Mercado Municipal - os velhos e os novos problemas. O novo mercado municipal, mais do que não ter resolvido problemas antigos, parece ter suscitado novas questões que não terão sido cabalmente ponderadas. Não deixa de ser motivo de perplexidade que parte significativa dos feirantes não caibam – percebemo-lo hoje – n’”A Praça”. O caso ganha contornos de verdadeiro embaraço quando se constata que o mercado se estende para lá do seu perímetro, ocupando, para espanto geral, a Praça Dr. Albuquerque Pinho. Por outro lado, a zona de restauração, em tempo de (previsível) invernia, revela-se profundamente desconfortável e os acessos para entrada e saída de viaturas de mercadorias, além de exíguos, provocam sérios constrangimentos ao trânsito nas vias adjacentes. Afinal, o que falhou? Fizeram mal as projeções? Houve trabalhos que (ainda) não se fizeram? Haverá trabalhos mal feitos?


 


Recorde-se que a inauguração do novo mercado municipal, agora chamado “A Praça”, só aconteceu a 14 de abril passado. Segundo a edilidade, «a obra contemplou um investimento de cerca de um milhão e setecentos mil euros, e teve financiamento dos fundos comunitários, através do Programa Operacional Centro 2020». Luís Tavares Pereira é o autor do projeto de requalificação. Como assinalei neste espaço, para uma obra com um prazo de execução de 365 dias e um contrato escrito de empreitada celebrado a 7 de julho de 2016 (!), afigurou-se credor da maior inquietação o facto de (só) ter sido oficialmente inaugurada em abril de… 2018.


 


Foi por isso que, na altura, ressalvei: «além dos prazos terem sido claramente ultrapassados, ainda teremos de esperar para saber se existirão trabalhos a mais, trabalhos a menos, erros ou omissões porque, em princípio, afigura-se provável que os valores finais possam ser (muito) mais elevados do que os agora revelados.»

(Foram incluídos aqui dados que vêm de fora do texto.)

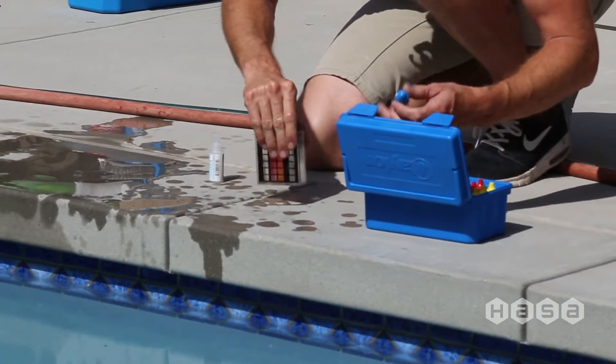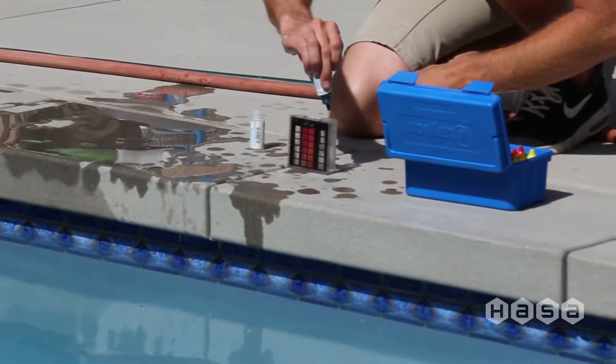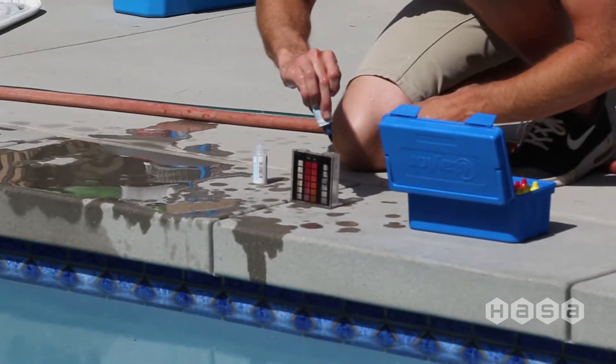You should maintain your pool and hot tub at pH levels between 7.2 and 7.6 and alkalinity between 80 and 120 parts per million.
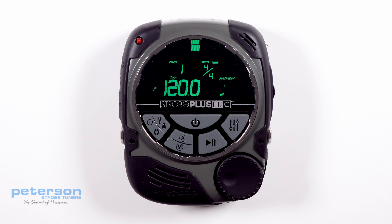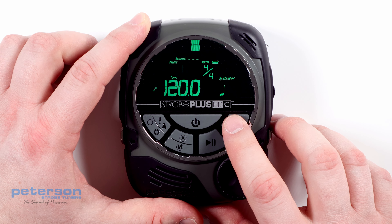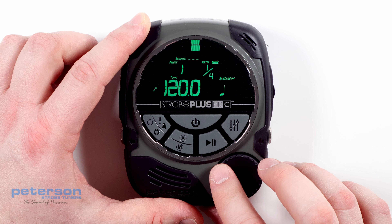Press the parameter button until the numerator of the time signature flashes, and use the value wheel to adjust from 1 to 19 beats per measure.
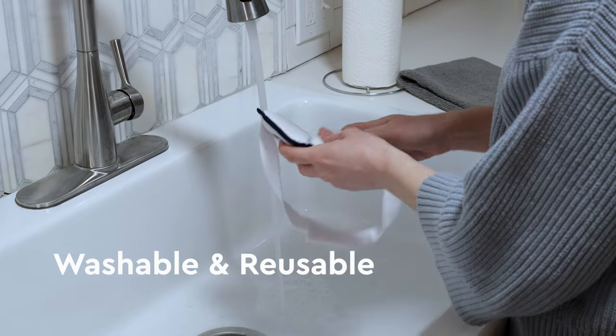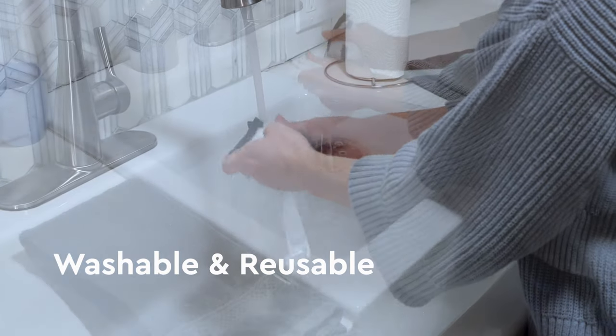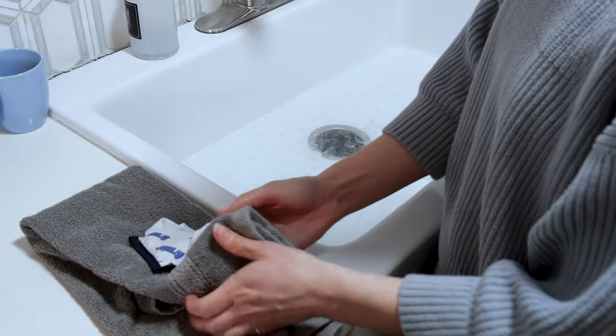This mask is easy to care for, durable, and reusable for up to nine months. Simply hand wash with a mild detergent. After washing, wring out moisture and let air dry overnight before reusing.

De momento, com tudo o que se consegue documentar relativamente ao Mercado, temos cerca de 2,445 M€ despendidos, um valor que até poderá pecar por defeito. Aguardemos pelas contas finais.


 


A questão do estacionamento. Aos novos mercados municipais aplicou-se uma nova estratégia que assenta na fidelização dos cidadãos, através da criação de infraestruturas no centro das cidades, nomeadamente ao nível de estacionamento, ruas pedonais e respetiva dinamização do comércio local. Mantenho que, em Albergaria, a intervenção falhou OSTENSIVAMENTE nos capítulos do estacionamento e do incremento integral e harmonioso do comércio envolvente.


 


Apesar de os mercados terem algumas vantagens competitivas, nomeadamente ao nível da qualidade dos produtos frescos e da relação de proximidade vendedor-consumidor, assoma-se o imperativo de viabilizar outros fatores de atratividade como formas de fidelização do cliente. A saber: o alargamento do horário de funcionamento, o serviço de carrinhos para efetuar as compras no mercado, as entregas ao domicílio, a realização de eventos temáticos para a dinamização do espaço e campanhas de promoção.


 


De momento, e apesar de algumas iniciativas já realizadas no sentido de ali promover alguns eventos culturais - que, no mesmo dia e hora, até se sobrepuseram a outros - o que se tem visto n´”A Praça”, na maioria destes domínios, não é animador. Por isso, importaria saber quantos clientes já conseguiu – ou conseguirá - desviar das superfícies comerciais já existentes em Albergaria. Ou terá “A Praça” perdido a graça?